The total cost, in advance, for Sean to get his treatment plan and initial doses of chemotherapy was $83,900...The first of the 344 lines printed out across eight pages of his hospital bill — filled with indecipherable numerical codes and acronyms — seemed innocuous. But it set the tone for all that followed. It read, “1 ACETAMINOPHE TABS 325 MG.” The charge was only $1.50, but it was for a generic version of a Tylenol pill. You can buy 100 of them on Amazon for $1.49 even without a hospital’s purchasing power.
Dozens of midpriced items were embedded with similarly aggressive markups, like $283.00 for a “CHEST, PA AND LAT 71020.” That’s a simple chest X-ray, for which MD Anderson is routinely paid $20.44 when it treats a patient on Medicare, the government health care program for the elderly.
The article goes on like that, talking about what Sean was billed for each item and what each item should probably have cost without the enormous mark up.

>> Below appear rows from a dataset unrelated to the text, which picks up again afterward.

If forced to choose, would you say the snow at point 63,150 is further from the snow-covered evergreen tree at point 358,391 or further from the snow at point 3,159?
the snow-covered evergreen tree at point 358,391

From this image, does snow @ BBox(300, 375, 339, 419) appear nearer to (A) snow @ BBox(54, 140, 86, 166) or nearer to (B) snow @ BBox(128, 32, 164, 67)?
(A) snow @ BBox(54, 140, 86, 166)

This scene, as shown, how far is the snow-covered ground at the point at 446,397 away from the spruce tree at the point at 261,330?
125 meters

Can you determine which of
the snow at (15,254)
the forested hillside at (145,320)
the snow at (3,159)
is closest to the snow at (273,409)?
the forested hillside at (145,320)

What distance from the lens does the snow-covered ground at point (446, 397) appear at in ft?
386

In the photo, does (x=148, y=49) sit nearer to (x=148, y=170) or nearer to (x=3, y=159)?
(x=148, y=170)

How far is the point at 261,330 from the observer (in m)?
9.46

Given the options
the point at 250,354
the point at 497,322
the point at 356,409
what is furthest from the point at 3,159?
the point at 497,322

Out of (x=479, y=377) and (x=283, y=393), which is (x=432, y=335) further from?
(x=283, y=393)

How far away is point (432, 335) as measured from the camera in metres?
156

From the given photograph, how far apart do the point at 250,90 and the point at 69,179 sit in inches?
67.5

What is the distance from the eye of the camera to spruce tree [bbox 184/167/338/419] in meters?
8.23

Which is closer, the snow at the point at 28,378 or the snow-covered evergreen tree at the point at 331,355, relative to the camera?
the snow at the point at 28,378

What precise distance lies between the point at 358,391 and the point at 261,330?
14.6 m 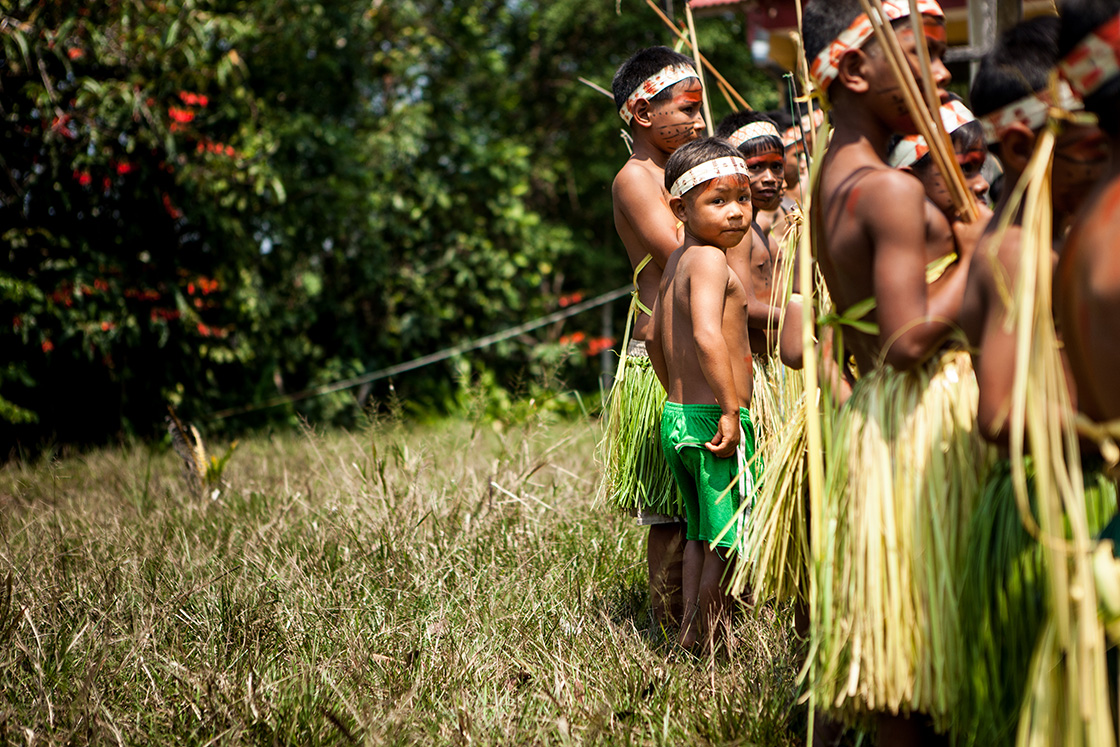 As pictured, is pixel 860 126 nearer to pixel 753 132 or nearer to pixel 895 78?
pixel 895 78

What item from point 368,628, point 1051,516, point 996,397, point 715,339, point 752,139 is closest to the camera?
point 1051,516

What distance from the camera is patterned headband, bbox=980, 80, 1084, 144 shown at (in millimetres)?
1393

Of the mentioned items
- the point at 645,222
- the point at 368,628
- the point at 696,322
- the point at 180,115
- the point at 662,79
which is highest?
the point at 180,115

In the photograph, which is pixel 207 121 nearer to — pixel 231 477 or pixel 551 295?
pixel 231 477

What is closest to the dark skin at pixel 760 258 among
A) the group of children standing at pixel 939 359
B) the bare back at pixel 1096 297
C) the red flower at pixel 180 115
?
the group of children standing at pixel 939 359

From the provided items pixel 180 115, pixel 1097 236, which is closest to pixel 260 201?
pixel 180 115

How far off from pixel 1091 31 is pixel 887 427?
689 millimetres

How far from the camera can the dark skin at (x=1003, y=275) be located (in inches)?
Result: 53.7

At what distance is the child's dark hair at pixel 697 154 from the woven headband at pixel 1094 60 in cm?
117

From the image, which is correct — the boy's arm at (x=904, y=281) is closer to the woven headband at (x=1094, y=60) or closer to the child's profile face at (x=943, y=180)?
the child's profile face at (x=943, y=180)

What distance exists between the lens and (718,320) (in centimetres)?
240

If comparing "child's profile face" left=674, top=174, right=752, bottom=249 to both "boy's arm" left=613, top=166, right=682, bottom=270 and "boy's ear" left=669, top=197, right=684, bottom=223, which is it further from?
"boy's arm" left=613, top=166, right=682, bottom=270

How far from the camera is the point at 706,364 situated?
7.93 feet

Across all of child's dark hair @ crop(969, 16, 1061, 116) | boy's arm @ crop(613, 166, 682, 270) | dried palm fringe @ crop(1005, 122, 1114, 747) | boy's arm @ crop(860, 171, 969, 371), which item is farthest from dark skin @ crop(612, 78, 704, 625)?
dried palm fringe @ crop(1005, 122, 1114, 747)
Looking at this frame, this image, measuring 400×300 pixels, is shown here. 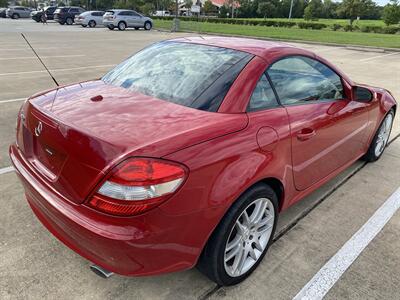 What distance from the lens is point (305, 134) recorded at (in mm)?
2711

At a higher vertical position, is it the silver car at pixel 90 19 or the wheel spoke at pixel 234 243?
the wheel spoke at pixel 234 243

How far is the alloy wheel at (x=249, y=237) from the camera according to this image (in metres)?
2.31

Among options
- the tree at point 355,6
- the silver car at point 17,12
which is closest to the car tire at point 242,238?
the tree at point 355,6

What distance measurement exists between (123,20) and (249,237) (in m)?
30.9

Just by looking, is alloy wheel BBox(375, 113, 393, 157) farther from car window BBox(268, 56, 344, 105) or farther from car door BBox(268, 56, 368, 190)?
car window BBox(268, 56, 344, 105)

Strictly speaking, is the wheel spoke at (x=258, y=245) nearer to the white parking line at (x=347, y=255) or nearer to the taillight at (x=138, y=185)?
the white parking line at (x=347, y=255)

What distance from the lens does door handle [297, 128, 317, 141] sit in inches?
104

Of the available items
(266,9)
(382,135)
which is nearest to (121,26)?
(382,135)

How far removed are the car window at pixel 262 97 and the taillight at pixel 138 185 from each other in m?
0.85

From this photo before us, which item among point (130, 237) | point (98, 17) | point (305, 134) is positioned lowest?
point (98, 17)

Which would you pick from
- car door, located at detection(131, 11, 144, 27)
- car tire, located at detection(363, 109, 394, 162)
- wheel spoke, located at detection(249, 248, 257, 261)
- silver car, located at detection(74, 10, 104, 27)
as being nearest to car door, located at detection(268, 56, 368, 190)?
wheel spoke, located at detection(249, 248, 257, 261)

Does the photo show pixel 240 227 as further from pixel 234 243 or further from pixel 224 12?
pixel 224 12

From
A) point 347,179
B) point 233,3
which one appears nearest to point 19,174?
point 347,179

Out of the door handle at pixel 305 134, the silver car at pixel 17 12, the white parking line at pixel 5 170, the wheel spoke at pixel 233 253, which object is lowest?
the silver car at pixel 17 12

And mark ups are certainly a problem! But let us add this to the discussion, from another friend of ours, who got her PhD in Social Science and did her dissertation on electronic medical records: making a long and complicated story short, our medical system pays on a per-procedure basis. This can be traced back to the invention of Medicare, wherein a person from each specialty was represented in the framework of a discussion about physician reimbursement. Having one representative from each specialty sounds like a great idea, but the problem was that surgeons were over represented. As a result, the payment scheme became oriented around procedures. Doctors have figured out ways to break a procedure like, say, stitching up a wound, into several mini-procedures, each with its own code, that they can then charge for.
There are other problems, of course, like the fact that CEO salaries don't grow out of thin air and medical centers won't build themselves, so here we are, with people like Sean paying $15,000 for tests that would have cost hundreds of dollars if he were on Medicare.
From north of the border: my father back in 1981 almost died; he ended up in ICU for 6 weeks, had almost total kidney failure, a heart attack or two, lungs collapsed. He pulled through and lived another 16 happy years. It cost us nothing. Well, maybe tv rental at the hospital. But my younger sister and I were able to finish university. Now, he did work for a big company, so who knows, we might have been ok if it was like the States. However, my very underemployed older sister 13 years ago was diagnosed with leukemia, and was in and out of the hospital for a couple of years. She had a t-cell transplant and chemo and the whole nine yards. She didn't have to worry about paying for that cutting-edge treatment. I think that the drugs my younger sister had to take before they harvested her t-cells wasn't covered. And maybe that was it. On top of which over the years I've had two sons delivered, bunions done, tonsils out, hernia repaired, a couple of lady-parts procedures, and I paid nothing. NOTHING. So yeah, staying here, thank you.
Got space on your sofa until I can find a pad of my own?